In 1903 the young poet Chaim Nachman Bialik was sent to Kishinev, Russia, to cover the pogroms there. He faced horrible sights: 49 brutalized dead bodies, 92 severely wounded, dozens of Jewish shops ruined and looted. But what upset him even more were the humiliation, the helplessness, the shredded self-respect of the Jews – these scarred the young man’s soul forever. He expressed his rage and frustration as to the passive, weak reaction of the Jews, in the sarcastic poem In the City of Slaughter בעיר ההריגה, which became his life’s work.

The poiema, which included harsh accusations against the Jews who did not try to resist, just prayed in their hiding places while the Russians were raping their wives and slaughtering their children, has shaken the Jewish world. The very image of the submissive Jew was on trial, and it was clear to everybody – everything had to change.

Victims of the Kishinev pogroms, Russia, 1903. Beit Hatfutsot, the Oster Visual Documentation Center, courtesy of Geresh Perlov
Victims of the Kishinev pogroms, Russia, 1903. Beit Hatfutsot, the Oster Visual Documentation Center, courtesy of Geresh Perlov

Historian Anita Shapira describes in her wonderful book “The Dove’s Sword” (1992) the revolution in the minds of the Jews regarding the use of force for resistance and self-defense, since the Kishinev pogroms until the foundation of the State of Israel. In much simpler words: how did the bullied kid become the bully? Shapira marks the Kishinev events as a turning point from which the Jews’ aversion towards violence, deeply embedded in their tradition and world view, turned into a mentality of active resistance and self-defense.

Turning the image of the old “week, short, crooked legs, clumsy, lame postured Jew” described by Max Nordau, into a new state of mind figuring a Jewish muscular man was a long difficult process. The Zionists had to create a whole new national psychology, and the main change factor was the Israeli Poalim (workers) movement, which led the Zionist movement until the foundation of the State.
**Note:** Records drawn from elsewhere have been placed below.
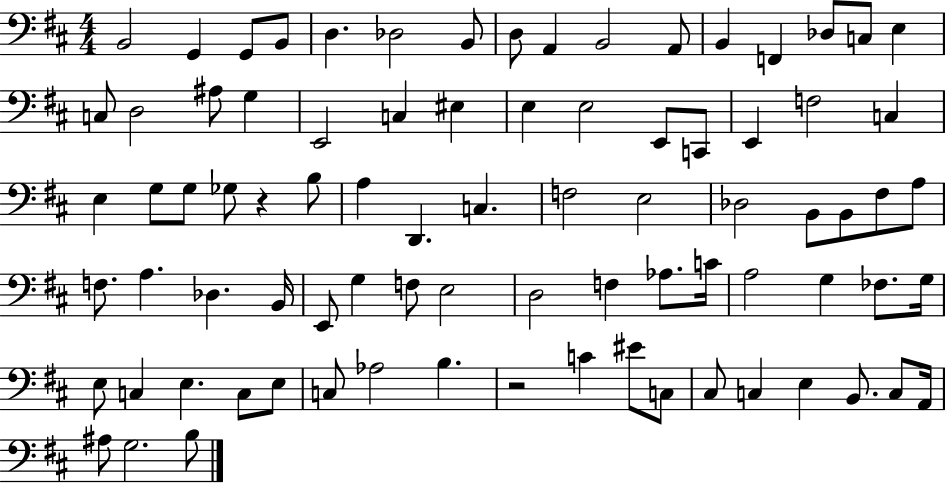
B2/h G2/q G2/e B2/e D3/q. Db3/h B2/e D3/e A2/q B2/h A2/e B2/q F2/q Db3/e C3/e E3/q C3/e D3/h A#3/e G3/q E2/h C3/q EIS3/q E3/q E3/h E2/e C2/e E2/q F3/h C3/q E3/q G3/e G3/e Gb3/e R/q B3/e A3/q D2/q. C3/q. F3/h E3/h Db3/h B2/e B2/e F#3/e A3/e F3/e. A3/q. Db3/q. B2/s E2/e G3/q F3/e E3/h D3/h F3/q Ab3/e. C4/s A3/h G3/q FES3/e. G3/s E3/e C3/q E3/q. C3/e E3/e C3/e Ab3/h B3/q. R/h C4/q EIS4/e C3/e C#3/e C3/q E3/q B2/e. C3/e A2/s A#3/e G3/h. B3/e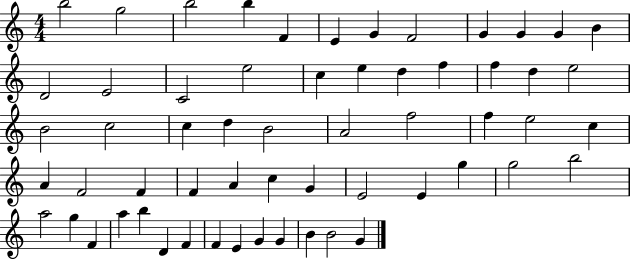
{
  \clef treble
  \numericTimeSignature
  \time 4/4
  \key c \major
  b''2 g''2 | b''2 b''4 f'4 | e'4 g'4 f'2 | g'4 g'4 g'4 b'4 | \break d'2 e'2 | c'2 e''2 | c''4 e''4 d''4 f''4 | f''4 d''4 e''2 | \break b'2 c''2 | c''4 d''4 b'2 | a'2 f''2 | f''4 e''2 c''4 | \break a'4 f'2 f'4 | f'4 a'4 c''4 g'4 | e'2 e'4 g''4 | g''2 b''2 | \break a''2 g''4 f'4 | a''4 b''4 d'4 f'4 | f'4 e'4 g'4 g'4 | b'4 b'2 g'4 | \break \bar "|."
}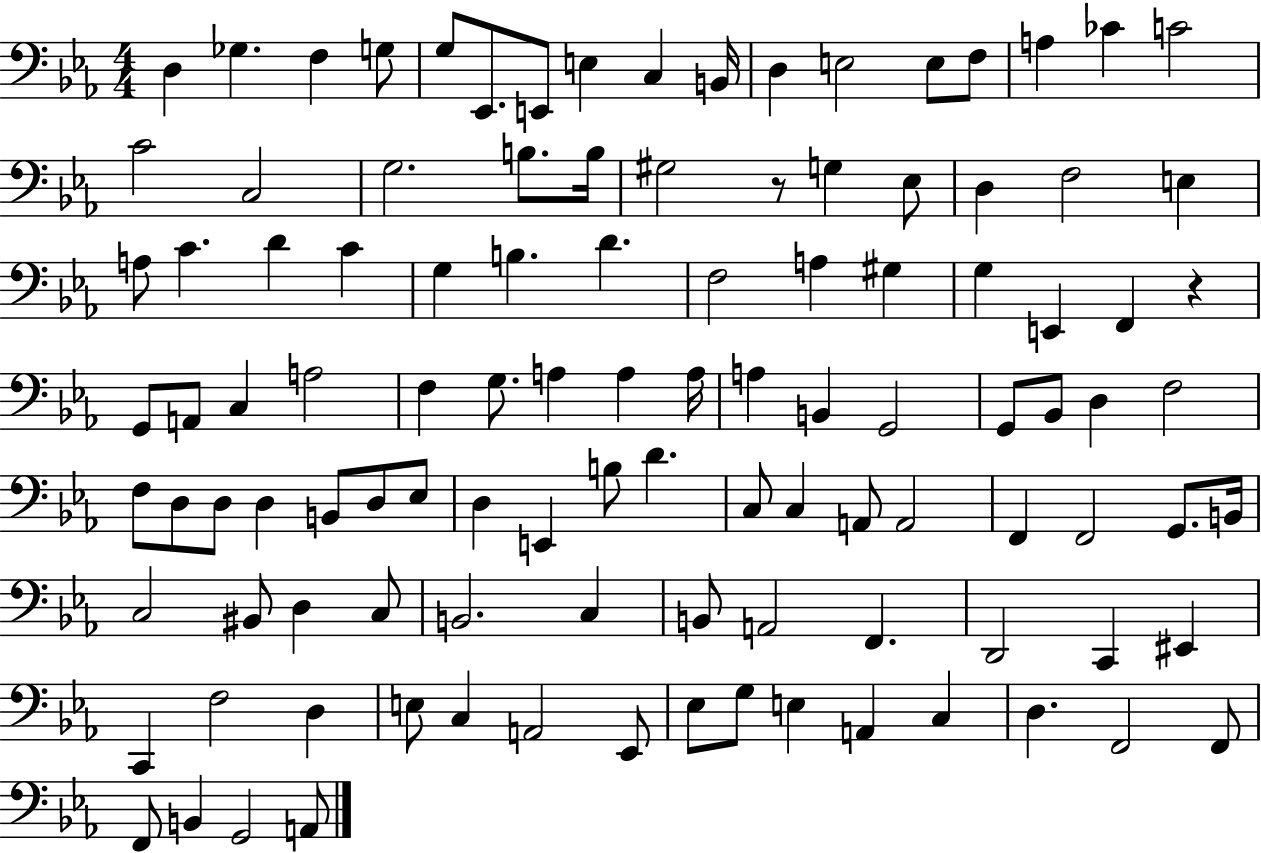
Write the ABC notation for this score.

X:1
T:Untitled
M:4/4
L:1/4
K:Eb
D, _G, F, G,/2 G,/2 _E,,/2 E,,/2 E, C, B,,/4 D, E,2 E,/2 F,/2 A, _C C2 C2 C,2 G,2 B,/2 B,/4 ^G,2 z/2 G, _E,/2 D, F,2 E, A,/2 C D C G, B, D F,2 A, ^G, G, E,, F,, z G,,/2 A,,/2 C, A,2 F, G,/2 A, A, A,/4 A, B,, G,,2 G,,/2 _B,,/2 D, F,2 F,/2 D,/2 D,/2 D, B,,/2 D,/2 _E,/2 D, E,, B,/2 D C,/2 C, A,,/2 A,,2 F,, F,,2 G,,/2 B,,/4 C,2 ^B,,/2 D, C,/2 B,,2 C, B,,/2 A,,2 F,, D,,2 C,, ^E,, C,, F,2 D, E,/2 C, A,,2 _E,,/2 _E,/2 G,/2 E, A,, C, D, F,,2 F,,/2 F,,/2 B,, G,,2 A,,/2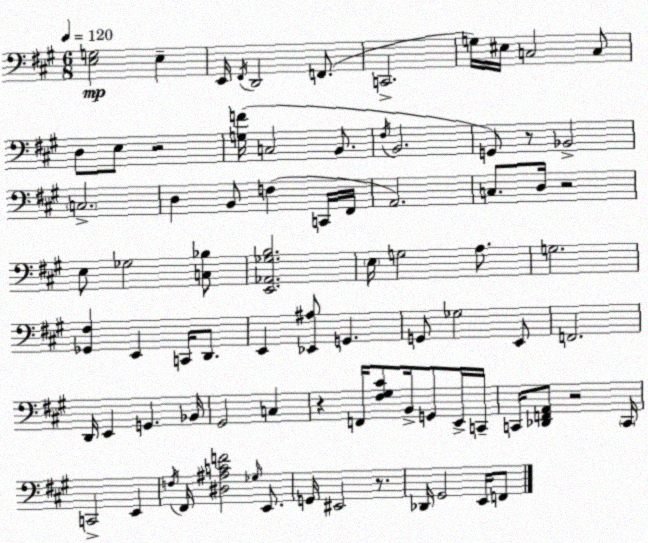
X:1
T:Untitled
M:6/8
L:1/4
K:A
[E,G,]2 E, E,,/4 ^F,,/4 D,,2 F,,/2 C,,2 G,/4 ^E,/4 C,2 C,/2 D,/2 E,/2 z2 [G,F]/4 C,2 B,,/2 ^F,/4 B,,2 G,,/2 z/2 _B,,2 C,2 D, B,,/2 F, C,,/4 ^F,,/4 A,,2 C,/2 D,/4 z2 E,/2 _G,2 [C,_B,]/2 [E,,_A,,_G,B,]2 E,/4 G,2 A,/2 G,2 [_G,,^F,] E,, C,,/4 D,,/2 E,, [_E,,^A,]/2 G,, G,,/2 _G,2 E,,/2 F,,2 D,,/4 E,, G,, _B,,/4 ^G,,2 C, z F,,/4 [^F,^G,^C]/2 B,,/4 G,,/2 E,,/4 C,,/4 C,,/4 [_D,,F,,A,,]/2 z2 C,,/4 C,,2 E,, F,/4 ^F,,/4 [^D,^A,CF]2 _G,/4 E,,/2 G,,/4 ^E,,2 z/2 _D,,/4 ^G,,2 E,,/4 F,,/2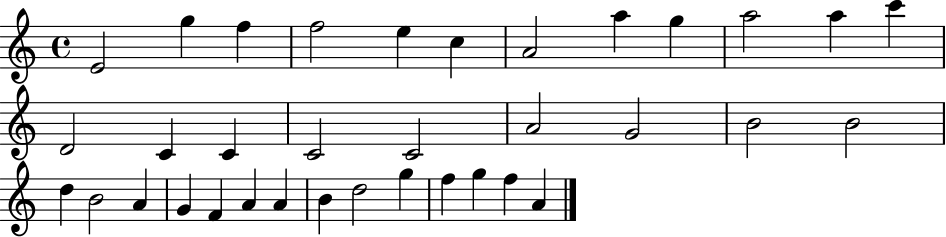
E4/h G5/q F5/q F5/h E5/q C5/q A4/h A5/q G5/q A5/h A5/q C6/q D4/h C4/q C4/q C4/h C4/h A4/h G4/h B4/h B4/h D5/q B4/h A4/q G4/q F4/q A4/q A4/q B4/q D5/h G5/q F5/q G5/q F5/q A4/q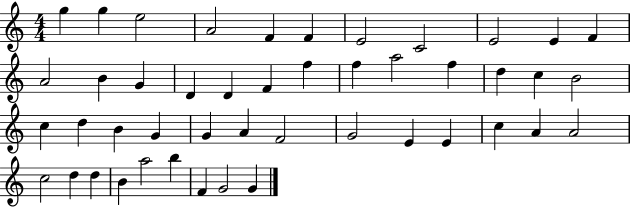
G5/q G5/q E5/h A4/h F4/q F4/q E4/h C4/h E4/h E4/q F4/q A4/h B4/q G4/q D4/q D4/q F4/q F5/q F5/q A5/h F5/q D5/q C5/q B4/h C5/q D5/q B4/q G4/q G4/q A4/q F4/h G4/h E4/q E4/q C5/q A4/q A4/h C5/h D5/q D5/q B4/q A5/h B5/q F4/q G4/h G4/q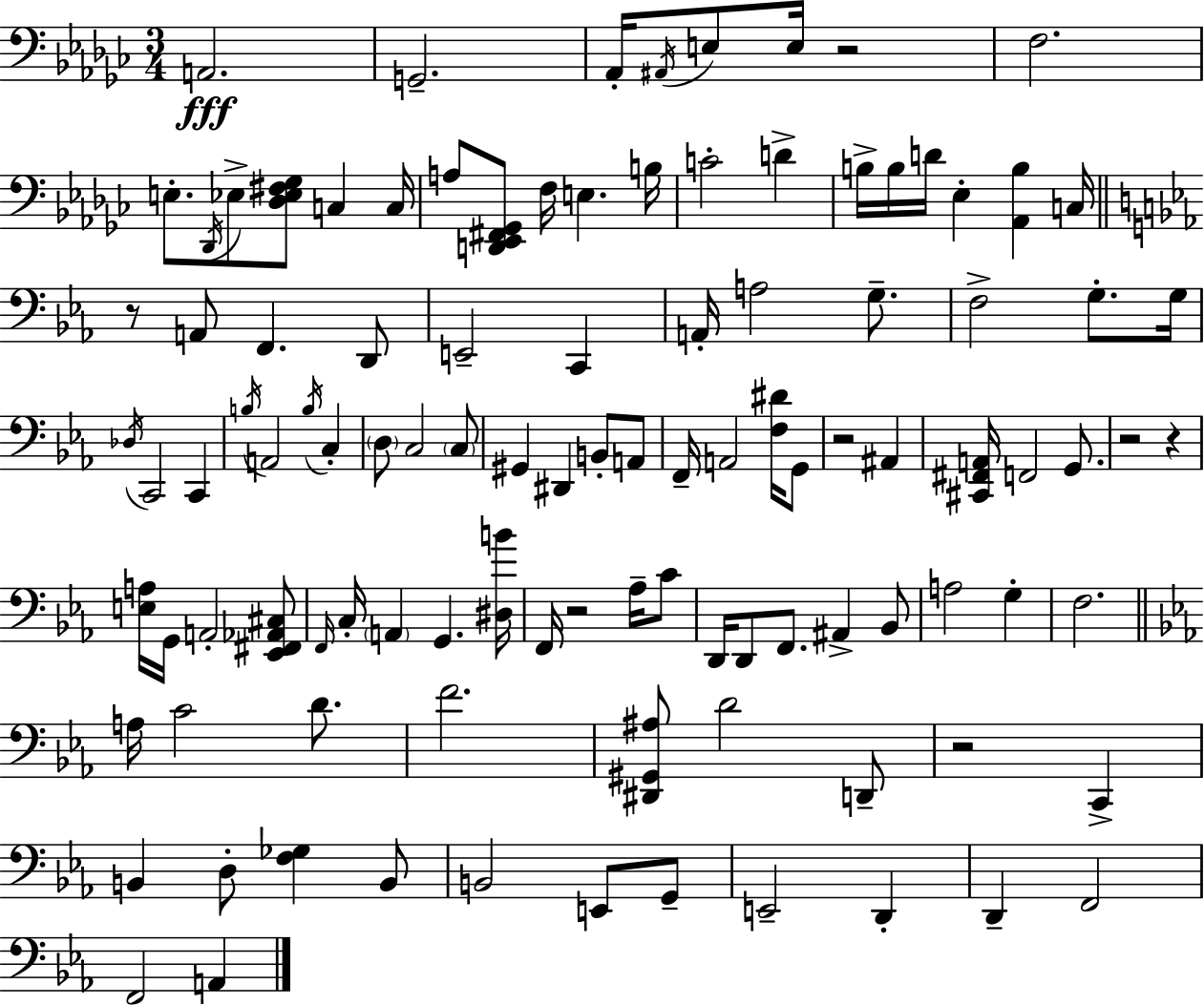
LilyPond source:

{
  \clef bass
  \numericTimeSignature
  \time 3/4
  \key ees \minor
  a,2.\fff | g,2.-- | aes,16-. \acciaccatura { ais,16 } e8 e16 r2 | f2. | \break e8.-. \acciaccatura { des,16 } ees8-> <des ees fis ges>8 c4 | c16 a8 <d, ees, fis, ges,>8 f16 e4. | b16 c'2-. d'4-> | b16-> b16 d'16 ees4-. <aes, b>4 | \break c16 \bar "||" \break \key c \minor r8 a,8 f,4. d,8 | e,2-- c,4 | a,16-. a2 g8.-- | f2-> g8.-. g16 | \break \acciaccatura { des16 } c,2 c,4 | \acciaccatura { b16 } a,2 \acciaccatura { b16 } c4-. | \parenthesize d8 c2 | \parenthesize c8 gis,4 dis,4 b,8-. | \break a,8 f,16-- a,2 | <f dis'>16 g,8 r2 ais,4 | <cis, fis, a,>16 f,2 | g,8. r2 r4 | \break <e a>16 g,16 a,2-. | <ees, fis, aes, cis>8 \grace { f,16 } c16-. \parenthesize a,4 g,4. | <dis b'>16 f,16 r2 | aes16-- c'8 d,16 d,8 f,8. ais,4-> | \break bes,8 a2 | g4-. f2. | \bar "||" \break \key ees \major a16 c'2 d'8. | f'2. | <dis, gis, ais>8 d'2 d,8-- | r2 c,4-> | \break b,4 d8-. <f ges>4 b,8 | b,2 e,8 g,8-- | e,2-- d,4-. | d,4-- f,2 | \break f,2 a,4 | \bar "|."
}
“The Defensive Ethos” – that is how Shapira called the main strategy of the Poalim movement regarding the use of force after the Balfour declaration until World War II. “When we came to Israel, we did do so in order to kill or get killed. We were idealists. We wished not to shed blood but we realized we had to, if we wanted to be independent” – the words of Ben Gurion, who thought there are two prototypes in the mind of each Jew: the ghetto-like and the Zionist, therefore he led a strategy of self-defense use of force only.

Buying flags for Independence Day celebrations, Israel 1950. Photo: Leni Sonnenfeld, Beit Hatfutsot, the Oster Visual Documentation Center, Sonnenfeld collection
Buying flags for Independence Day celebrations, Israel 1950. Photo: Leni Sonnenfeld, Beit Hatfutsot, the Oster Visual Documentation Center, Sonnenfeld collection

According to this outline the “Hagana” was established in 1920. Whereas the main goals of the Poalim were Aliyah, settlement, and construction, the use of force was perceived as a necessity only. Right movements, such as Beitar, idealized and idolized the use of force, admired Trumpeldor and his military heritage, and lived by the motto: “To die or to conquer the mountain”, declared by the charismatic Jabotinsky.

The defensive ethos held by Ben Gurion and his partners lasted over 20 years. Neither the 1929 riots, nor the white books, or even the three years Arab revolt of 1936 could change their basic approach of restraint. Shapira explained that the restraint policy was in fact a rationalization of the ancient Jewish withdrawing from innocent blood shed. The bullied boy would not hit back just yet.

The shift from defensive to offensive took place after World War II and the holocaust. Rage, insult and humiliation at the atrocities of the Nazis, as well as bitter disappointment from the victory of the Labor party in Britain resulted in an attitude reverse. The militant “Hemeri Haivri” movement was set, in which Hagana members cooperated with Etzel and Lechi men to plan terror attacks against the British.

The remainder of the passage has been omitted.